Search the material below for the word "Home" and copy every line in which it occurs.

■ PROVIDED ENTRIES ■
============
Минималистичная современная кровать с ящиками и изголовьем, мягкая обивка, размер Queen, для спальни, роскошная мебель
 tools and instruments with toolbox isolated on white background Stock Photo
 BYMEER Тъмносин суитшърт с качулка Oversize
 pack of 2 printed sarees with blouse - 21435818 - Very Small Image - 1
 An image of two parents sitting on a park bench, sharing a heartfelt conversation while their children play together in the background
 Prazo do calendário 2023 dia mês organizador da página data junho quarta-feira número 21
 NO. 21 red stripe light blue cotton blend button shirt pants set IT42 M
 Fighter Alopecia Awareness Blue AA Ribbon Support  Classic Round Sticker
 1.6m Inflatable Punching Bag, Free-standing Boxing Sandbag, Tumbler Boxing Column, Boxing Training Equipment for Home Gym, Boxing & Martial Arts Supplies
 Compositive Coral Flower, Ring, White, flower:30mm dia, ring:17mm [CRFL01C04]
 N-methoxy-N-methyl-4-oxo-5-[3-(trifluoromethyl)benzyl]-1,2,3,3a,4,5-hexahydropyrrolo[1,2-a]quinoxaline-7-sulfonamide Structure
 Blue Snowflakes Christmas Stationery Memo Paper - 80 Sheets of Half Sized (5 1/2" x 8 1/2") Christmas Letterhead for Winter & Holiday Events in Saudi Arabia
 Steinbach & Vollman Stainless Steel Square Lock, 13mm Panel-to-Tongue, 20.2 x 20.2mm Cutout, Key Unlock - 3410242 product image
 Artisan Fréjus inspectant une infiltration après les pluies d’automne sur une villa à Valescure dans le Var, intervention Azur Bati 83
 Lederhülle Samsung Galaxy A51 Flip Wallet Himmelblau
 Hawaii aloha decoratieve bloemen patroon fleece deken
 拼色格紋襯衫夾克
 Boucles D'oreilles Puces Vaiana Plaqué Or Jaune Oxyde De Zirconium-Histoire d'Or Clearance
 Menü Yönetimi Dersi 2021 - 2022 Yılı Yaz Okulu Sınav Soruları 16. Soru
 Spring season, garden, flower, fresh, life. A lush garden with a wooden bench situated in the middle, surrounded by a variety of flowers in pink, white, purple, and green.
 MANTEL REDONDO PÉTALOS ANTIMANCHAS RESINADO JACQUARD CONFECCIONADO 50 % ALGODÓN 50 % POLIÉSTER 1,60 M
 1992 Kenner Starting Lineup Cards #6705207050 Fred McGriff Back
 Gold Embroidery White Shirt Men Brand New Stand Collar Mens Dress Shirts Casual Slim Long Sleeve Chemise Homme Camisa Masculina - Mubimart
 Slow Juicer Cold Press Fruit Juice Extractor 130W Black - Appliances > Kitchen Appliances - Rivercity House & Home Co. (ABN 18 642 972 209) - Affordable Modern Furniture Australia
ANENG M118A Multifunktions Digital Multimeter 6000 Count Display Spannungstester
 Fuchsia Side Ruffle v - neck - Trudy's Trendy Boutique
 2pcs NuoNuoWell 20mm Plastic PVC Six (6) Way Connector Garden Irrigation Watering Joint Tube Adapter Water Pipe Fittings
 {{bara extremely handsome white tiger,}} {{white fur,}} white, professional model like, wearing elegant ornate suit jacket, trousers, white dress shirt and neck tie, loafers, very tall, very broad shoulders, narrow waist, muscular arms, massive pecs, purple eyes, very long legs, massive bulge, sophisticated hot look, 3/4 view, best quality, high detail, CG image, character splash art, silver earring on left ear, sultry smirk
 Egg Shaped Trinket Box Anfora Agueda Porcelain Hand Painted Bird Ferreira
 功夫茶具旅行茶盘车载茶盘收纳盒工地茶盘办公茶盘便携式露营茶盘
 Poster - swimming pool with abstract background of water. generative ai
============
■ TASK SOLUTION ■
 1.6m Inflatable Punching Bag, Free-standing Boxing Sandbag, Tumbler Boxing Column, Boxing Training Equipment for Home Gym, Boxing & Martial Arts Supplies
 Slow Juicer Cold Press Fruit Juice Extractor 130W Black - Appliances > Kitchen Appliances - Rivercity House & Home Co. (ABN 18 642 972 209) - Affordable Modern Furniture Australia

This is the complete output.